Esteban shook his head.

“They had a lab treat it or preserve it or prepare it or something. Whatever they do with arms. What do I know about it?”

Martin’s appetite returned. The coffee settling in and warming his guts like a hot water bottle. He ate his eggs. Maybe they wouldn’t have to flee the country after all.

“You know where it is?”

Esteban nodded.

“So… we’re cool.”

Esteban scowled.

Martin realized he’d said the wrong thing when he saw the expression on Esteban’s face. He felt his bowels spasm and his testicles retract.

Esteban finally growled.

“It’s never that easy.”

* * *

Don stood in the shower. He let the hot water scald his pink body. He’d had a good workout. Free weights. Machines. A half hour on the StairMaster. Derrick, the muscle-freak patrolman who was like a personal trainer in the police gym, had spotted Don on the bench press and pushed him to lift more weight more times than he ever had before. Heavy iron thrust upward until his arms shook, his back warped, his legs kicked and then… then Derrick had him do it again and again until “failure.”

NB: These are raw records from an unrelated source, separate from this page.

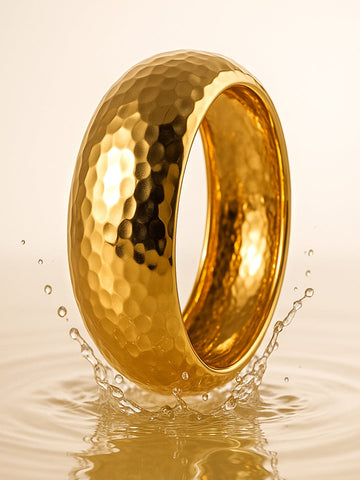 Rubans 18K Gold-Plated Hammered Kada Bangle â€“ Bold Statement Bracelet for Contemporary Elegance Bangles & Bracelet
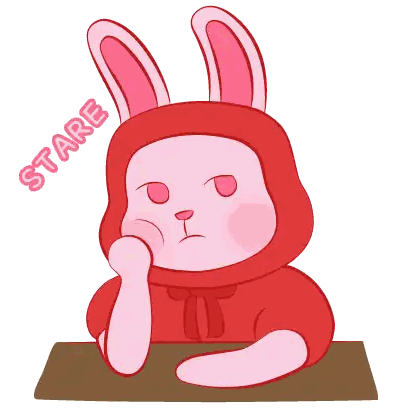 Pink Bunny Stare Sticker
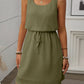 Breezy Waffle-Knit Drawstring Mini Tank Dress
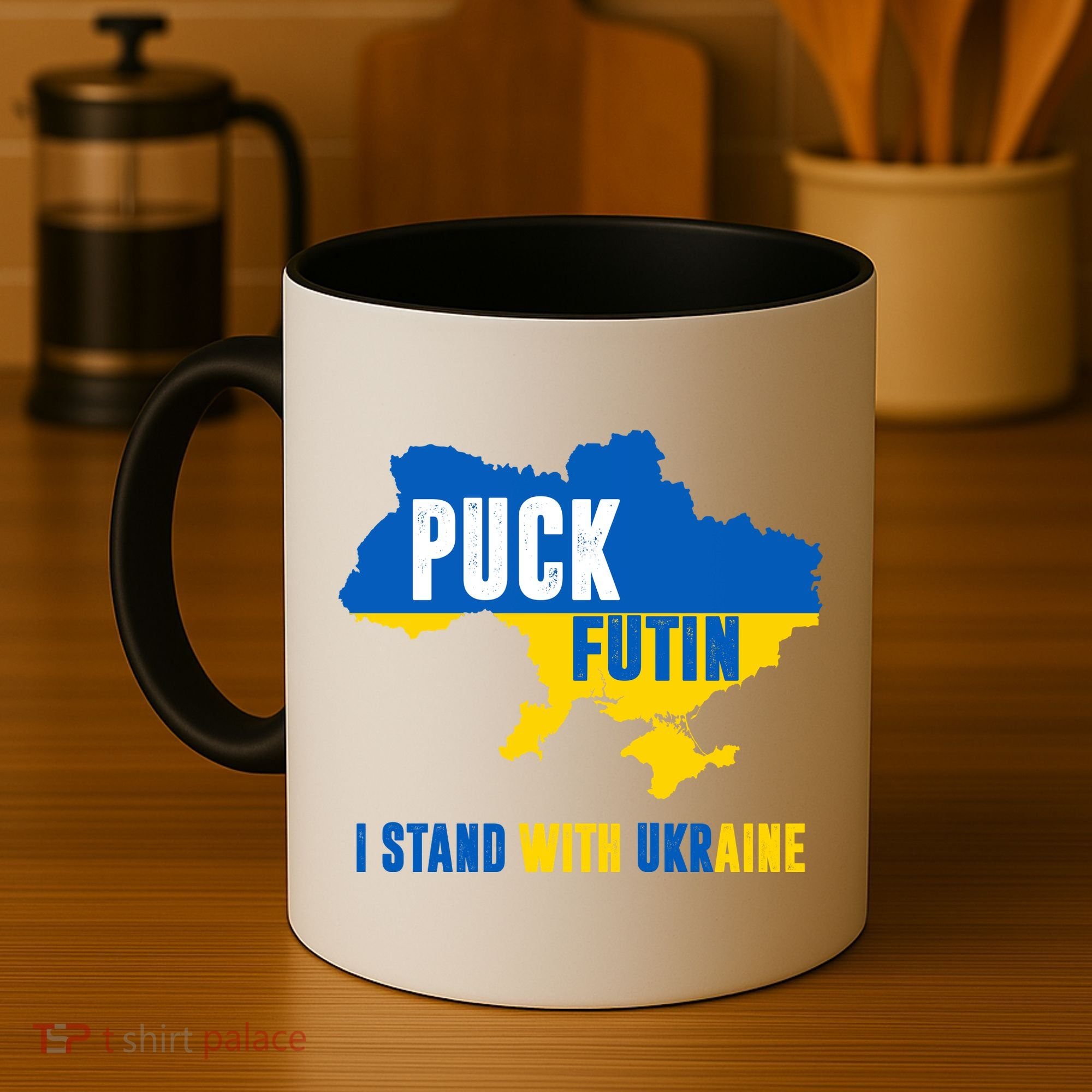 I Stand With Ukraine Puck Futin Coffee Mug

He felt his muscles. They were tight, pumped full of blood and more articulated than Don had ever noticed before. The overall effect made him feel powerful, indestructible. Don was ready to kick some ass. In fact, he was champing at the bit. He gave himself an affirmation. Told himself that today would mark the beginning of the end for the Mexican mob from Juarez. They had finally fucked up. He could feel it. He didn’t know whose arm it was, or why it was left there, but it just screamed of fuckup. And that’s all Don needed. A chink in the armor. A crack in the wall. Two years of watching and waiting, sitting in crappy vans in crappy neighborhoods gathering “intelligence”; spending hours in small smelly rooms interviewing punks, losers, and scumbags, as boxes of evidence and information stacked up around his cubicle. For two solid years he’d tracked down one bad lead after another. Every alibi Esteban had was sphincter-pinching tight. But now the day had come. Something had happened. All Don needed was to figure out what, and it was adios, scumbag, vaya con Dios.

Tonight, Don decided, after I break this case wide open, I’m going to splurge and get a bottle of Opus One. Drink it all by myself. A fat steak and a fat cabernet. Don smiled at the thought.